Ze voelde ook aan dat hij zich daar nogal ongemakkelijk over voelde.

“Goed zeg, een graad in criminologie,” zei ze. “Ik heb maar een psychologiegraad. Je hebt een stevige voorsprong op me.”

John lachte.

“Op jou? Dacht ’t niet. Ik bedoel maar, je bent waarschijnlijk de enige stagiair in het programma die daadwerkelijk veldwerk heeft verricht.”

Daar had Riley werkelijk niet van terug.

Veldwerk?

Ze had wat in Lanton gebeurd was niet onder het kopje “veldwerk” geplaatst.

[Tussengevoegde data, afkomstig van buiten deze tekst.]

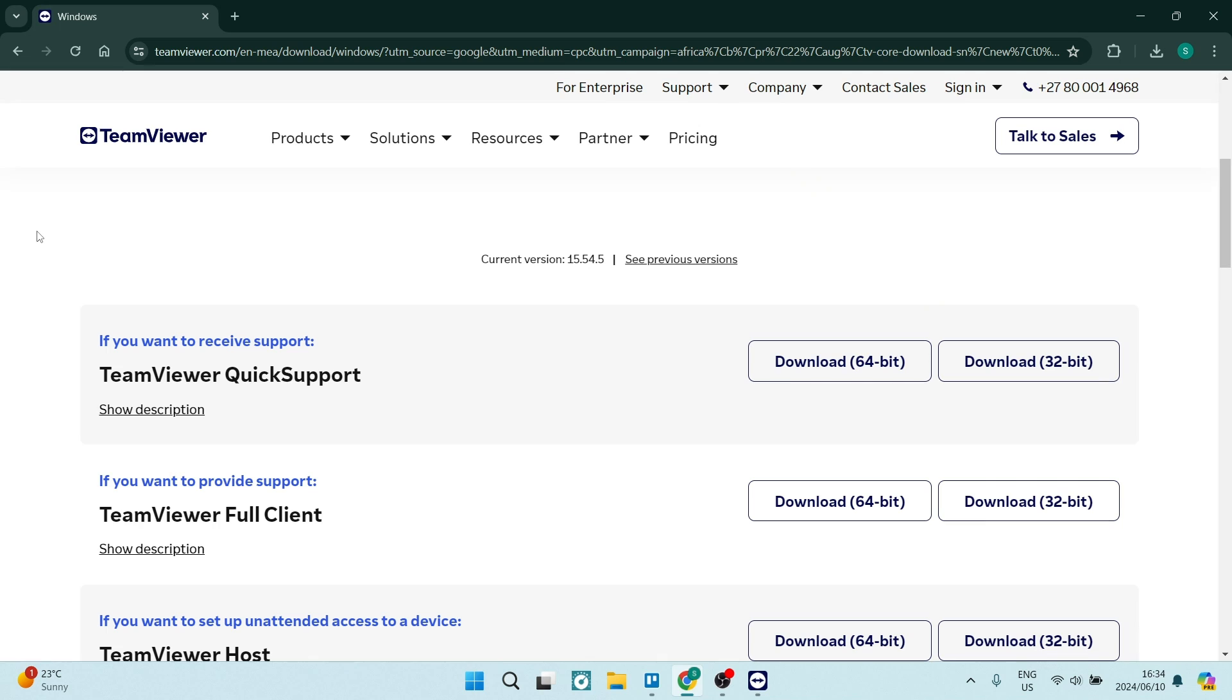In order to get this right, you need to have the right version of TeamViewer. If you're on their download page, you'll have to download the one that says if you want to provide support. So this is the one you're looking for, and you'll download the appropriate version.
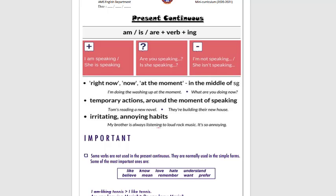Example sentences: 'I'm doing the washing up at the moment.' 'What are you doing now?' We also use it for temporary actions around the moment of speaking — 'Tom's reading a new novel,' 'They are building their new house.' And for irritating or annoying habits: 'My brother is always listening to loud rock music — it's so annoying.' Some verbs are not used in the present continuous; they are normally used in simple forms: know, love, hate, understand, believe, mean, remember, want, and prefer.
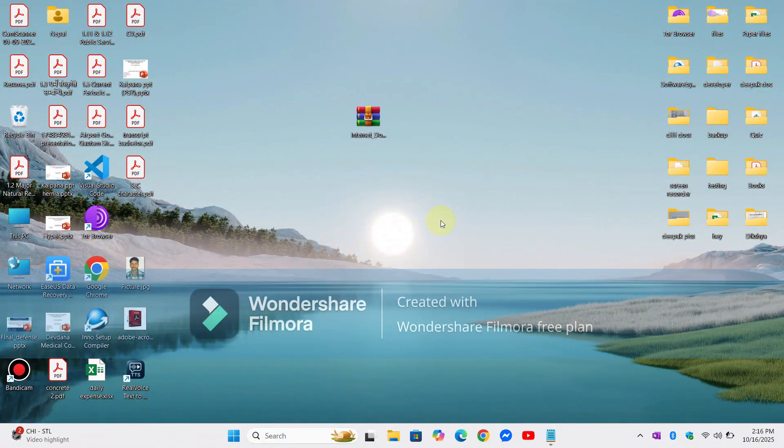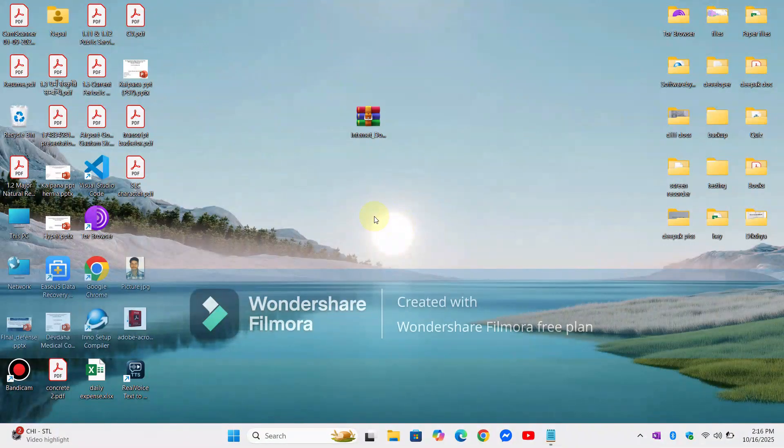First, download the software. Before installing the software, make sure you have uninstalled any previous version of IDM from your system. I have already uninstalled the older version of IDM to avoid any conflicts.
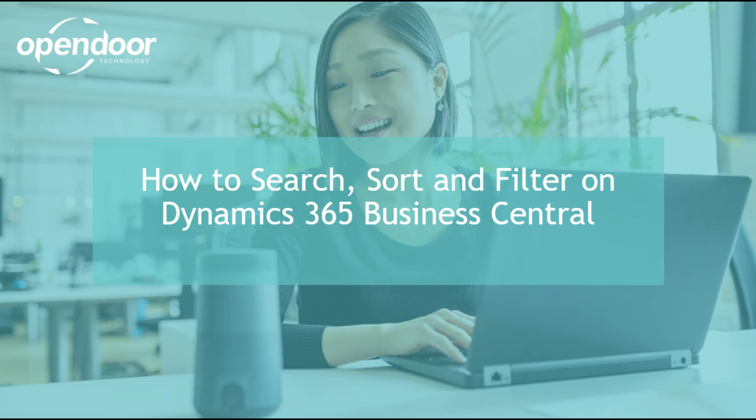In today's video, we will showcase how to search, sort, and filter on Dynamics 365 Business Central. We will highlight all these features in our demo, and by the end of this video, you will be able to complete these functionalities on your own.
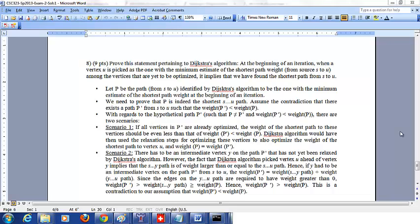We want to prove that when you pick a vertex u as the vertex with the shortest path weight estimate at the beginning of an iteration, you have found the shortest path from the source to that vertex. Let P be the path we have found so far from source s to vertex u, which has the minimum estimate of the shortest path weight. We want to prove that P is indeed the shortest path.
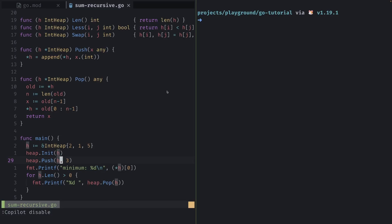Now to do anything with the heap, we essentially provide the heap pointer as the interface to the heap package. For example, in heap.init and heap.push, you'll see that h is the common argument.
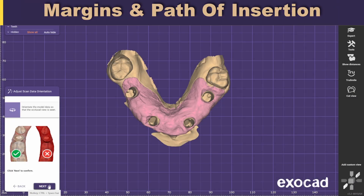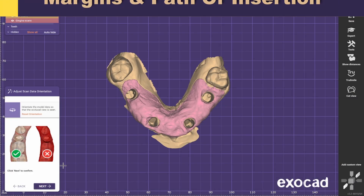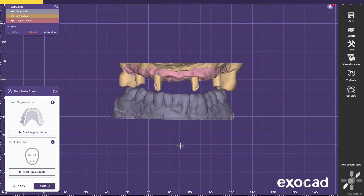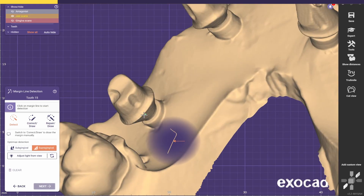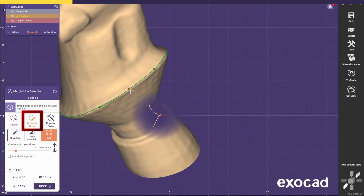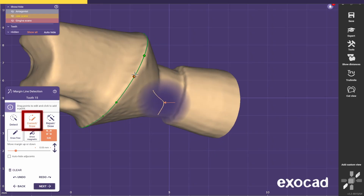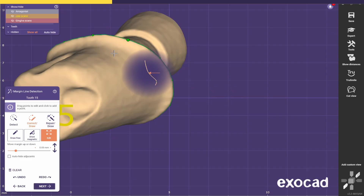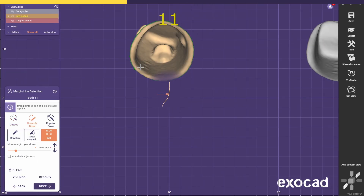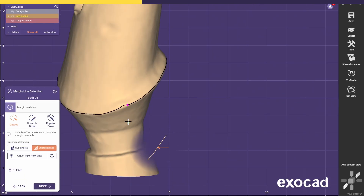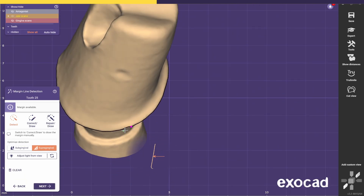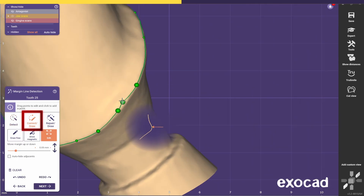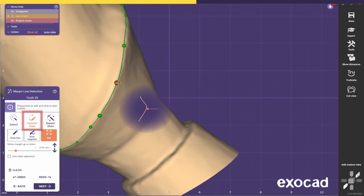Now bring up the scans, make sure the orientation is in the correct viewpoint and go next. For this case we don't have any pictures or pre-ops to follow, so I'll just skip this step. Now select the margins. I always like to double-check with the correct draw tool because if you just select a margin, sometimes the points are not in the optimal position. I do the same for every single abutment. You can clearly see here where the detection went a bit off course — that's why I always like to double-check and go again with the correct tool.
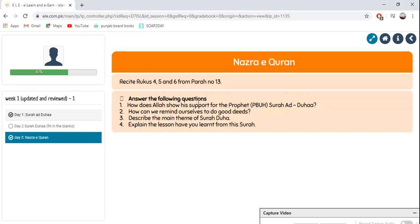Answer the following questions. How does Allah show his support for the Prophet, peace be upon him, in Surah Doha? How can we remind ourselves to do good deeds? Describe the main theme of Surah Doha. Revise the Surah again to answer all these questions. Explain the lesson you have learned from the Surah — note down what interesting things you learned from reading the Surah and its translation. Our Islamiyat lesson is complete.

John ging verder, “Ik bedoel maar, je hebt gewoon geholpen met een echte seriemoordenaar op te sporen en aan te houden. Ik kan me niet eens voorstellen hoe dat moest zijn geweest. Ik benijd je echt.”

Riley fronste en viel stil. Ze wilde het niet zeggen, maar afgunst leek een behoorlijk ongepaste emotie om te voelen over wat ze had doorgemaakt.

Wat dacht John dat er zich tijdens die vreselijke weken in Lanton had afgespeeld? Had hij er enig benul van hoe het voelde om de lichamen van twee van haar beste vriendinnen te vinden, met hun keel op brute wijze doorgesneden?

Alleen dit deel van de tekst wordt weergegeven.